Problem statement =
Could you give back exactly the lines below from the one with "Uzwil to Cheyres-Châbles map" through the one with "PelaoEz Minecraft skin, front and back view", without a single picture?

Dataset entries =
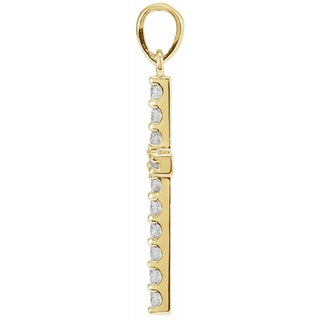 14K Yellow 1 CTW Lab-Grown Diamond Cross Pendant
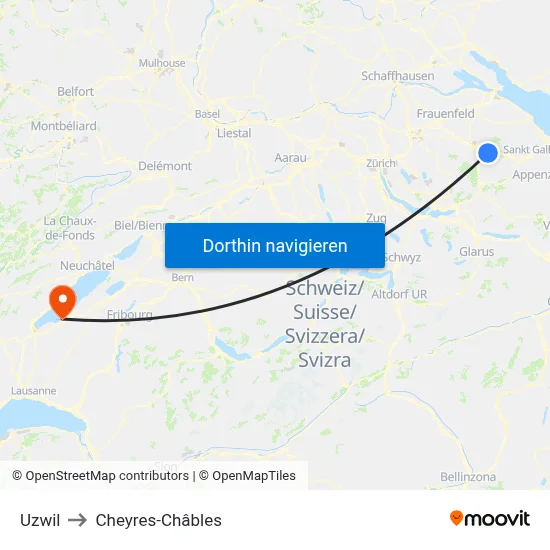Uzwil to Cheyres-Châbles map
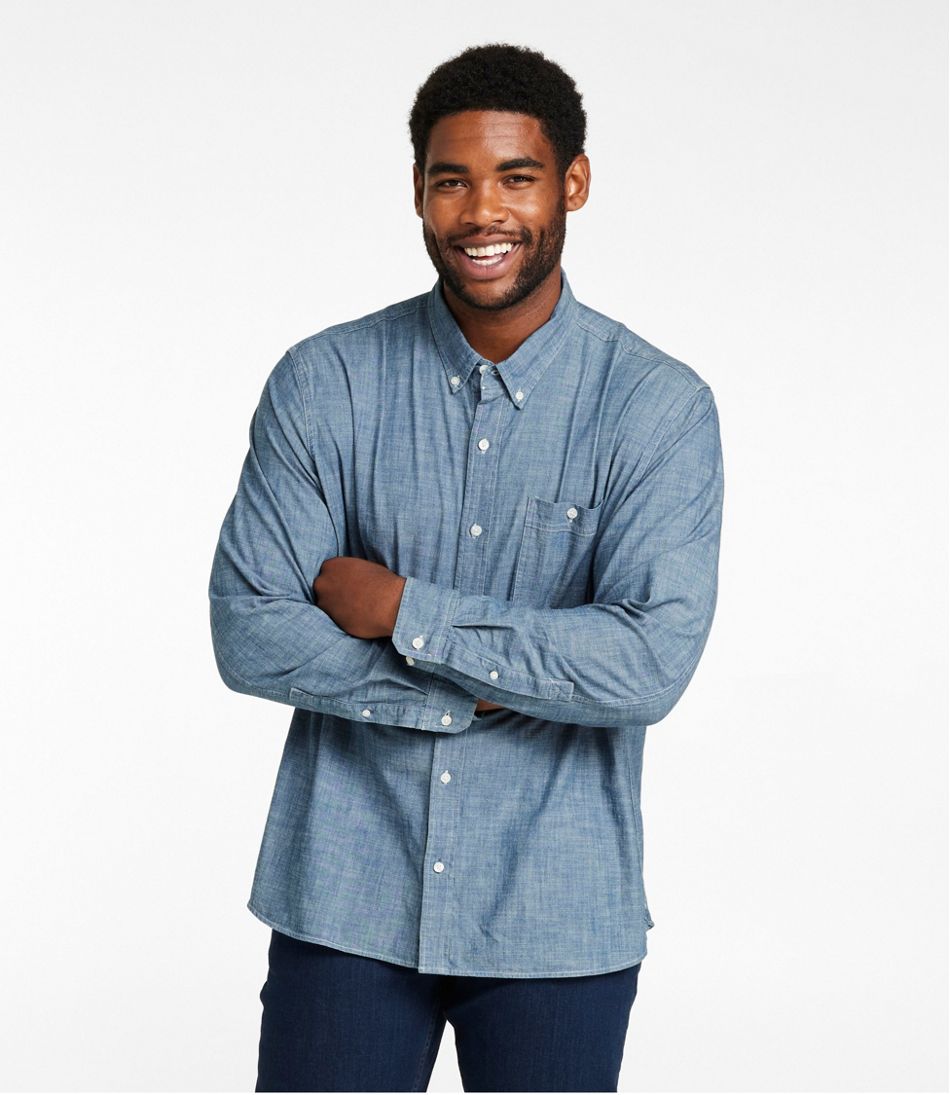 Men's Comfort Stretch® Chambray Shirt Slightly Fitted Untucked Fit Long-Sleeve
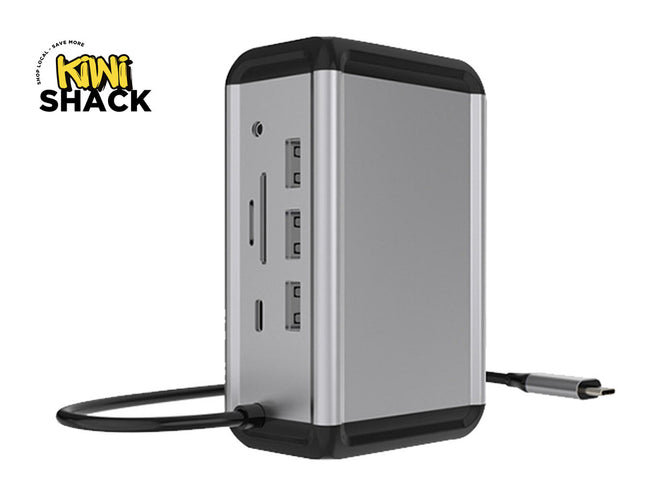 Multifunctional device with multiple ports and a cable on a white background, branded as Kiwi Shack.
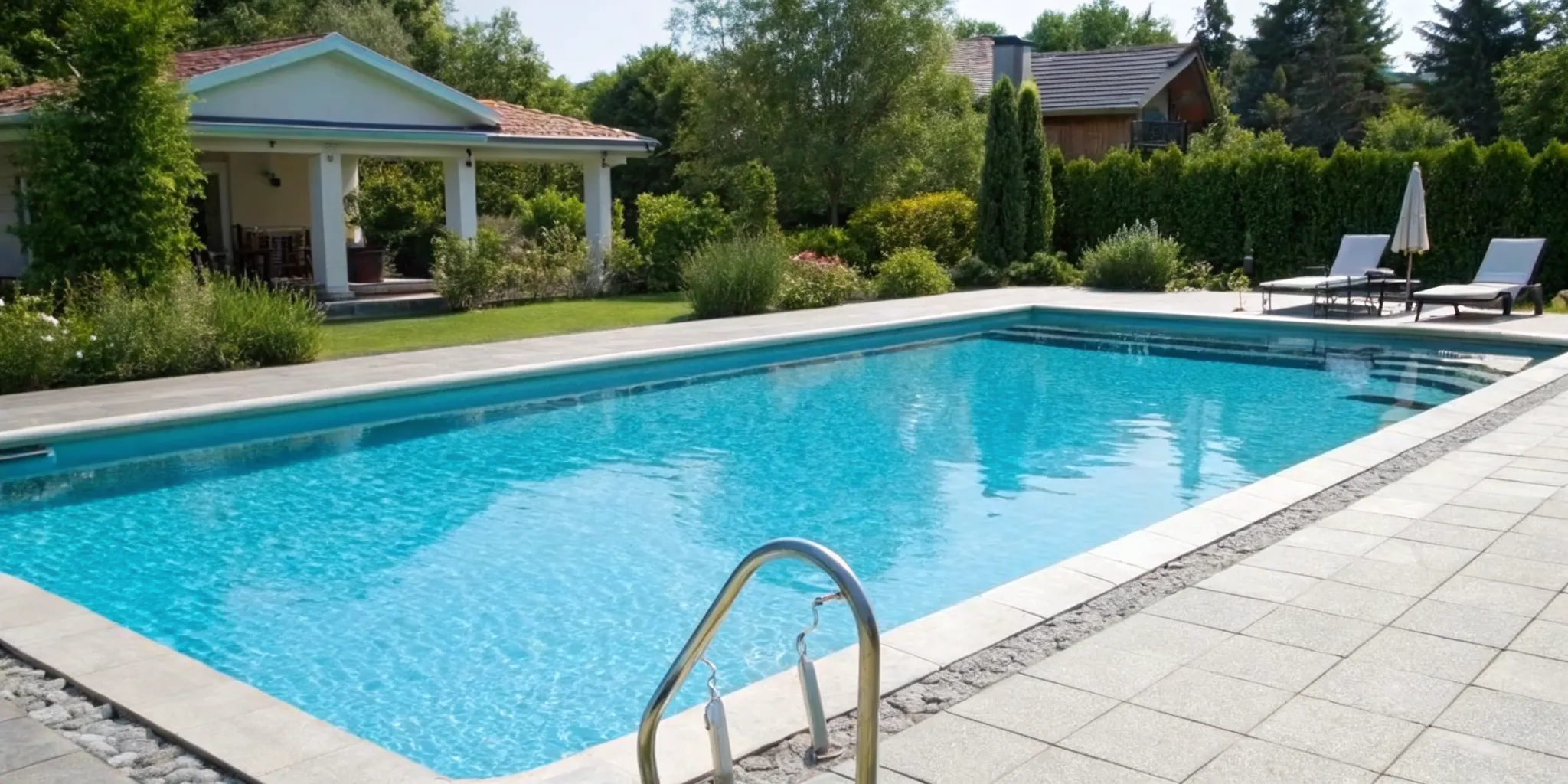 A clear blue swimming pool after learning how to fix green water.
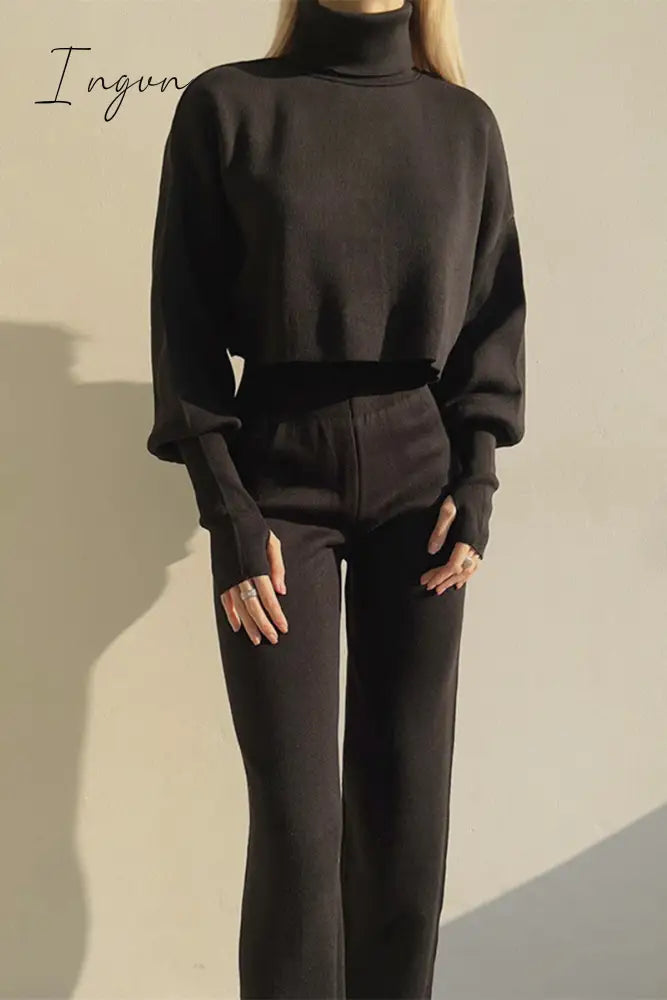 Ingvn - Casual Solid Color Turtleneck Long Sleeve Two Pieces Black / S Pieces/Two-Piece Pants Set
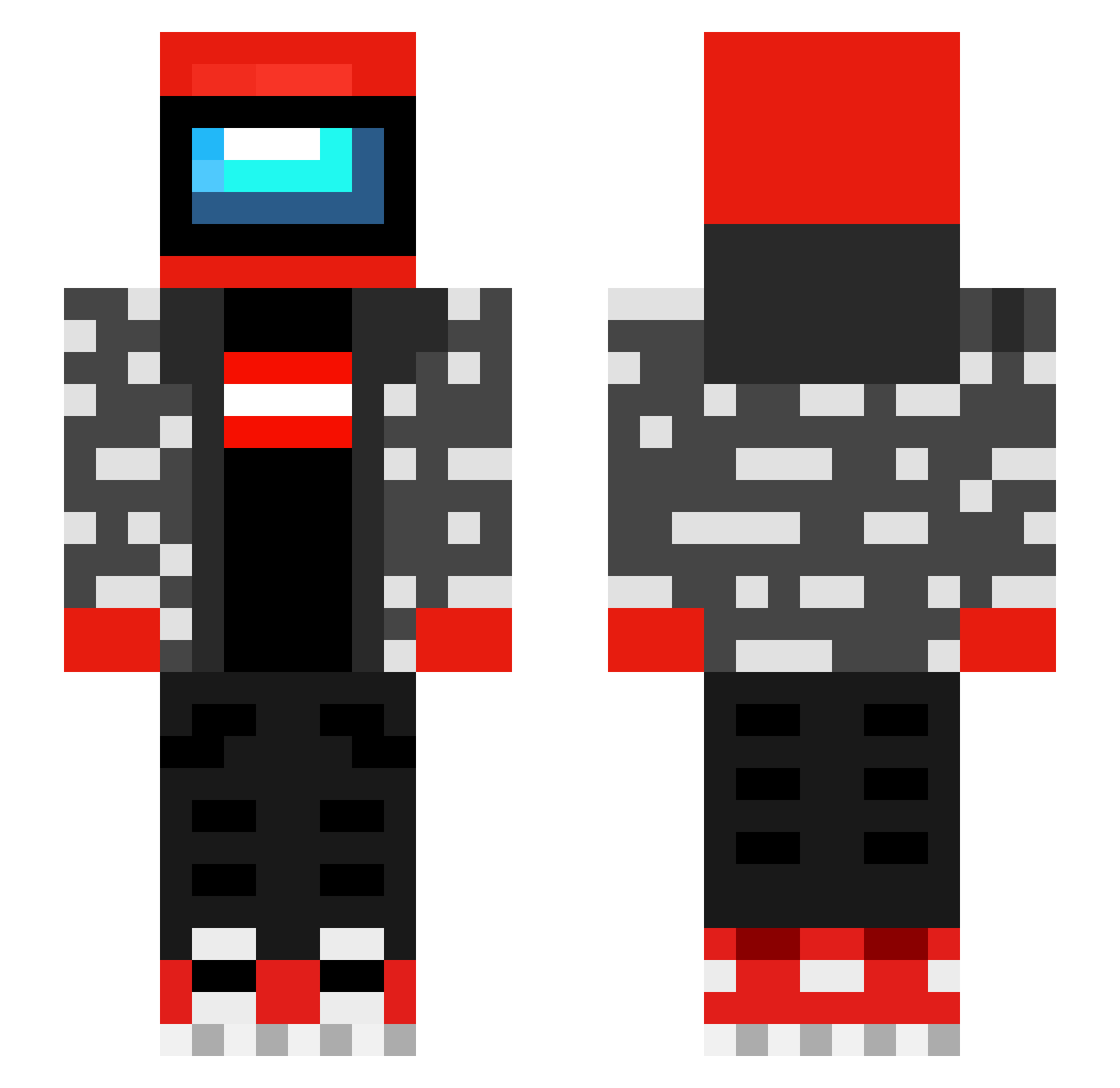 PelaoEz Minecraft skin, front and back view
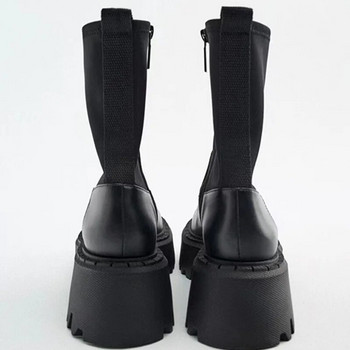 Черни ботуши TRAF Дамски боти до глезена зима 2022 г. Дамски обувки с дебели подметки Високи токчета Къси боти до глезена Дамски обувки за жени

Answer to this problem =
Uzwil to Cheyres-Châbles map
 Men's Comfort Stretch® Chambray Shirt Slightly Fitted Untucked Fit Long-Sleeve
 Multifunctional device with multiple ports and a cable on a white background, branded as Kiwi Shack.
 A clear blue swimming pool after learning how to fix green water.
 Ingvn - Casual Solid Color Turtleneck Long Sleeve Two Pieces Black / S Pieces/Two-Piece Pants Set
 PelaoEz Minecraft skin, front and back view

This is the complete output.